__Exercise instructions__. Below are entries; copy exactly the lines from the one with "Smart Button Kitchen Sink Executive" through the one with "Pikmin Vase (Single) - Red, Yellow or Blue", both included, and leave out the rest.

__Records for the task__.
——————

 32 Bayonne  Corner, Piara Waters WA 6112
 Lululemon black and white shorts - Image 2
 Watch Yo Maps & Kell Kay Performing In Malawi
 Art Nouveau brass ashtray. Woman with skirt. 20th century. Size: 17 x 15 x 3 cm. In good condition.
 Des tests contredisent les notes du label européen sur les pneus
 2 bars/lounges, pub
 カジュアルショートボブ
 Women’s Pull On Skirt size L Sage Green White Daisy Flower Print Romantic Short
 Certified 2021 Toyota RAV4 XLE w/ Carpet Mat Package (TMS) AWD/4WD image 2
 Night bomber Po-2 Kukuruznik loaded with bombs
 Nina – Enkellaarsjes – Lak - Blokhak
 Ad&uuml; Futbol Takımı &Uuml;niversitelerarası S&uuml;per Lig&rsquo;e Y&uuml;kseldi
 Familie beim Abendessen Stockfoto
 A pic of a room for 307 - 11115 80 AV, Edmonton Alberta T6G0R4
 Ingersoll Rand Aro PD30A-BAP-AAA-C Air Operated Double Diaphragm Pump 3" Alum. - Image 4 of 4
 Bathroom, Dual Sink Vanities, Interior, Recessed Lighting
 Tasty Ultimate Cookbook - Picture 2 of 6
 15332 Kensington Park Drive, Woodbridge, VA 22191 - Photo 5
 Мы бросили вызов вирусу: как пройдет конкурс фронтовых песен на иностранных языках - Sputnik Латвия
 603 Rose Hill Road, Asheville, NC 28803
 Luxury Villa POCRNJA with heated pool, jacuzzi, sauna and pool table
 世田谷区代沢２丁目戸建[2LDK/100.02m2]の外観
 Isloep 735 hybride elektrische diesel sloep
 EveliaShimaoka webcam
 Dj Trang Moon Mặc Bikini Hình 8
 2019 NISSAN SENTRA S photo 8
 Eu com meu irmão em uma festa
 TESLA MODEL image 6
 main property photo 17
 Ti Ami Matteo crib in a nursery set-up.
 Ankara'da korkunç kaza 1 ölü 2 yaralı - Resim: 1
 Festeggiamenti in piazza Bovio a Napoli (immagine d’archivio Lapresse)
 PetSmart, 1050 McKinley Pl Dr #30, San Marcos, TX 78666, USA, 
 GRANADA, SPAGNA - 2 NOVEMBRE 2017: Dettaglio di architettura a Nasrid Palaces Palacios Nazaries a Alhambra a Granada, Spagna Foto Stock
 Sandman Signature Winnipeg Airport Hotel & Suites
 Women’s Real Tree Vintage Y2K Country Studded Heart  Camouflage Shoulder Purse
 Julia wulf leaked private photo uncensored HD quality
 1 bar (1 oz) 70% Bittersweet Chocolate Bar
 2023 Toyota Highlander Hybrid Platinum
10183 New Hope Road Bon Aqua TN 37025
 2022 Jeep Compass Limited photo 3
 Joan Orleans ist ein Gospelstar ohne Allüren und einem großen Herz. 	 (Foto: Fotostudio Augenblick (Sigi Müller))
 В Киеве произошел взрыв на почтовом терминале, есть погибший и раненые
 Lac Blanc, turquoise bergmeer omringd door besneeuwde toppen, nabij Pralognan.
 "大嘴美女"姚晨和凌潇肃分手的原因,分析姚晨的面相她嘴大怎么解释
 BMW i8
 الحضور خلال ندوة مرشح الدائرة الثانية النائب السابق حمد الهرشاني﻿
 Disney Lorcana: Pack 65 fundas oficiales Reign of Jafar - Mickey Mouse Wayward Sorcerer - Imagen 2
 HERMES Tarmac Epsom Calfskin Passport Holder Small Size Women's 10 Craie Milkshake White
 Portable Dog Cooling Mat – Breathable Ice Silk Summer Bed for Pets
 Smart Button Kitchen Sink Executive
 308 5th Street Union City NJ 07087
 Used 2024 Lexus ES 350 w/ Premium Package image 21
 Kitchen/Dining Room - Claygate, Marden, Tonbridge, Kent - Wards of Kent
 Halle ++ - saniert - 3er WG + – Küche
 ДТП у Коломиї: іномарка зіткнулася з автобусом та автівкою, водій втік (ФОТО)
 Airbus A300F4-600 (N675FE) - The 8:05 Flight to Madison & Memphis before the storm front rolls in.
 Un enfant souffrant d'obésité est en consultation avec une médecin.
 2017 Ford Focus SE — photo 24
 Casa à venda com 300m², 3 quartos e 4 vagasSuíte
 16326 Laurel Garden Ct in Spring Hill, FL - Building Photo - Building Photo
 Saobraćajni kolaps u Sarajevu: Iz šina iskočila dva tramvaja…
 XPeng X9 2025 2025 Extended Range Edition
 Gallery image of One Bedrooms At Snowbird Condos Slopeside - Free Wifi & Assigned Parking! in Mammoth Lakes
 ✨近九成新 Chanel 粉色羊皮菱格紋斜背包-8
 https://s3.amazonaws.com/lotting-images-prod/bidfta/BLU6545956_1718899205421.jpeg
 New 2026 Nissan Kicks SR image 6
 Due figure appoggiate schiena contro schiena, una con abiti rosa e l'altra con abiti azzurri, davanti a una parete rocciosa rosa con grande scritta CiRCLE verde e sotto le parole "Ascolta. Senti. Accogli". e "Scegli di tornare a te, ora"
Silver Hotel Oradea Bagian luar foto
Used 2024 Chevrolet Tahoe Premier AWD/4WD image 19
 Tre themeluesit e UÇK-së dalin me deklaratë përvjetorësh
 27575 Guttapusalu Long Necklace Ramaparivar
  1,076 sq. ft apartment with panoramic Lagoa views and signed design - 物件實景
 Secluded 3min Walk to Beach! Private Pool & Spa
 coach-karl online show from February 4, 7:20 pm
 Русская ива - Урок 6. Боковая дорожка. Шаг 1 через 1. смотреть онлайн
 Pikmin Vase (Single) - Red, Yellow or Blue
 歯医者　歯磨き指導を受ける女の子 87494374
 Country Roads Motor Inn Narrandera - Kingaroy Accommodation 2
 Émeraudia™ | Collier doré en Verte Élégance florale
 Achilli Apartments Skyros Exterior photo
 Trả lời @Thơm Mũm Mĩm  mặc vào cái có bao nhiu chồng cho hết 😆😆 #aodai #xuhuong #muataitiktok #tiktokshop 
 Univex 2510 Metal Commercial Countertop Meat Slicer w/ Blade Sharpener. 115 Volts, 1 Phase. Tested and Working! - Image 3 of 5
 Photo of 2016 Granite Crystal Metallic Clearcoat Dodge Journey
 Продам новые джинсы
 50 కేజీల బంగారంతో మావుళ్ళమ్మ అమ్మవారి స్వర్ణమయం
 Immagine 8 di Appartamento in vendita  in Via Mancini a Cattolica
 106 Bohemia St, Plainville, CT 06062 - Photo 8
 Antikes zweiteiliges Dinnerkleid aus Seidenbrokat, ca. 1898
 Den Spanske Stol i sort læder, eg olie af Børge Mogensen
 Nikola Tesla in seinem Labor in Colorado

——————

__Answer to this task__.
 Smart Button Kitchen Sink Executive
 308 5th Street Union City NJ 07087
 Used 2024 Lexus ES 350 w/ Premium Package image 21
 Kitchen/Dining Room - Claygate, Marden, Tonbridge, Kent - Wards of Kent
 Halle ++ - saniert - 3er WG + – Küche
 ДТП у Коломиї: іномарка зіткнулася з автобусом та автівкою, водій втік (ФОТО)
 Airbus A300F4-600 (N675FE) - The 8:05 Flight to Madison & Memphis before the storm front rolls in.
 Un enfant souffrant d'obésité est en consultation avec une médecin.
 2017 Ford Focus SE — photo 24
 Casa à venda com 300m², 3 quartos e 4 vagasSuíte
 16326 Laurel Garden Ct in Spring Hill, FL - Building Photo - Building Photo
 Saobraćajni kolaps u Sarajevu: Iz šina iskočila dva tramvaja…
 XPeng X9 2025 2025 Extended Range Edition
 Gallery image of One Bedrooms At Snowbird Condos Slopeside - Free Wifi & Assigned Parking! in Mammoth Lakes
 ✨近九成新 Chanel 粉色羊皮菱格紋斜背包-8
 https://s3.amazonaws.com/lotting-images-prod/bidfta/BLU6545956_1718899205421.jpeg
 New 2026 Nissan Kicks SR image 6
 Due figure appoggiate schiena contro schiena, una con abiti rosa e l'altra con abiti azzurri, davanti a una parete rocciosa rosa con grande scritta CiRCLE verde e sotto le parole "Ascolta. Senti. Accogli". e "Scegli di tornare a te, ora"
Silver Hotel Oradea Bagian luar foto
Used 2024 Chevrolet Tahoe Premier AWD/4WD image 19
 Tre themeluesit e UÇK-së dalin me deklaratë përvjetorësh
 27575 Guttapusalu Long Necklace Ramaparivar
  1,076 sq. ft apartment with panoramic Lagoa views and signed design - 物件實景
 Secluded 3min Walk to Beach! Private Pool & Spa
 coach-karl online show from February 4, 7:20 pm
 Русская ива - Урок 6. Боковая дорожка. Шаг 1 через 1. смотреть онлайн
 Pikmin Vase (Single) - Red, Yellow or Blue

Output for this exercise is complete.